New opera takes us to the dirty deeds and dirty play in the World Cup Finals of 2030

Review: GODS OF THE GAME, Grange Park Opera Review: GODS OF THE GAME, Grange Park Opera Thumb through the profiles of sopranos, mezzos, tenors, conductors, directors etc in a Royal Opera House programme and you'll see a rainbow of nationalities represented and you'll think, niche though it may be, opera is global. You might wonder about any other art forms that can send so diverse a body of men or women out to entertain us and, stretching the definition a little (but not at all in the case of the Gods cited in this show) and you get football.

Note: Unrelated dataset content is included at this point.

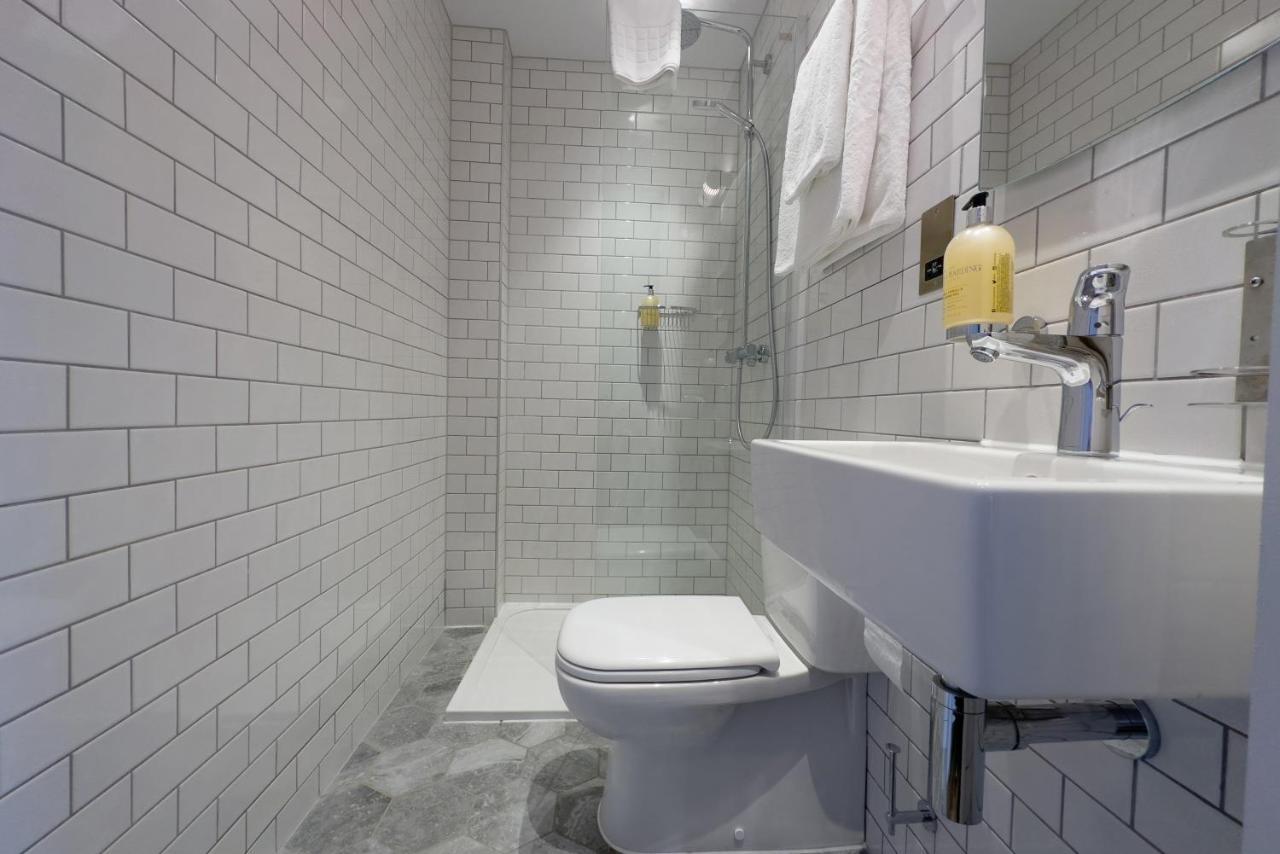 The Knight Of Nottinghill Hotel *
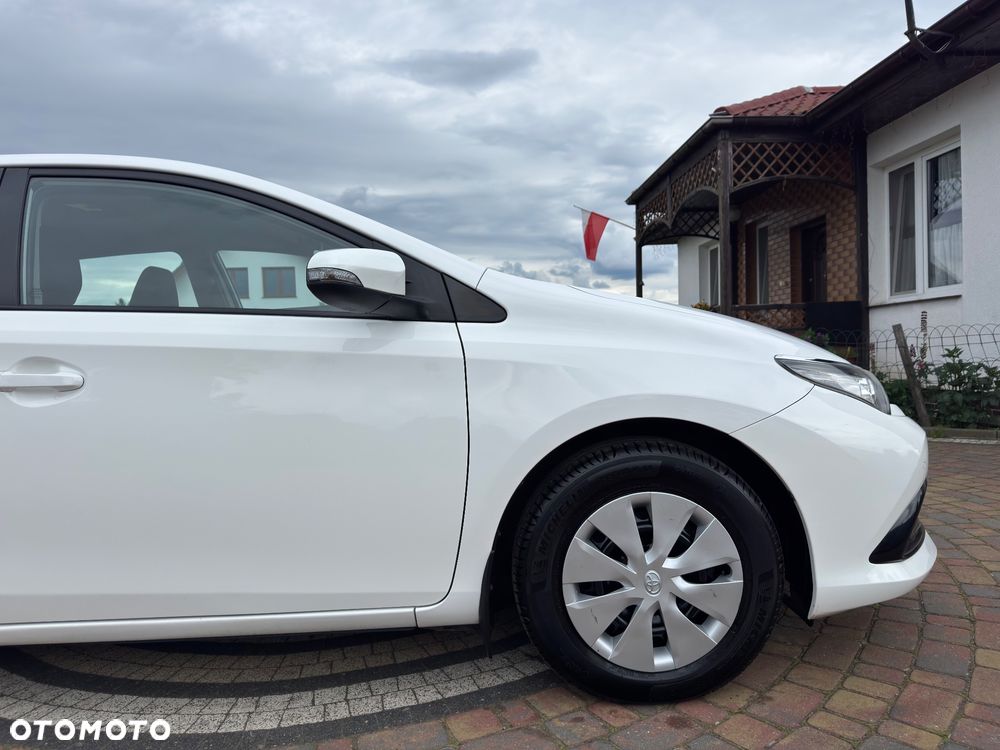 Toyota Auris 1.33 VVT-i Active - 17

So it's a good fit, especially in a World Cup year, to premiere an opera about the game (not so beautiful these days) and stage it in the football hotbed of er... Surrey. Actually, the wondrous Grange Park Opera is a fine venue, and the City hotshots who might live a mere Kevin De Bruyne free kick away will find plenty of their international dealmaking shenanigans represented in the show too.

Phil Porter's libretto is a typical slice of operatic hokum, but it's never less than engaging and you can have a lot of fun working out which real life figures have inspired his creations. I could come up with at least three for each of them, but, defamation laws being what they are...

Appropriately, it's a show of two halves. In the first, we meet Viko the serious-minded superstar from South America whose vision of football was formed in the favelas and who is tiring of the cynicism he encounters at the top of the game. His childhood friend, Eva, is captain of the women's national team and she's just as romantic about the game, but she retains her faith in the powers-that-be. For now.

Preening and posing for selfies, Soren strides in and, a bit later, you're not that surprised to see him wearing a number 7 shirt. He and Viko have history on the field and are about to go head-to-head in the bidding for the right to host the 2030 World Cups (plural, men's and women's held concurrently - which isn't the worst idea I've heard). They'll have to win the delegates' votes and, to do that, they'll have to find favour with FIFA President Puzzo - and there's only one way of doing that, as his official film-maker, Martina, is finding out.

The second half takes us to the finals themselves, to the pressure of the matches, to the face-off between pragmatism and principles and to Lee Mack in the commentator's booth and Jamie and Gary in the studio. Eva has an epiphany and Viko, Soren and Puzzo? Well, let's just say the boy done good.

If it takes a while to avoid the thought, "That's Mo Salah" every time Michel De Souza's Viko is on stage, his rich baritone and impressive bearing wins us over - that's if the splendid Grange Park Opera Chorus and superb Gascoigne Orchestra (Bamber not Paul) hasn't already convinced you that this is serious stuff musically. Milly Forrest has to reach to be heard over the music at times, but she plays a tricky role well and, crucially, looks like a player. Idunnu Münch's mezzo is just about the best voice on show, but the part of Martina is underwritten and her talents underused as a consequence.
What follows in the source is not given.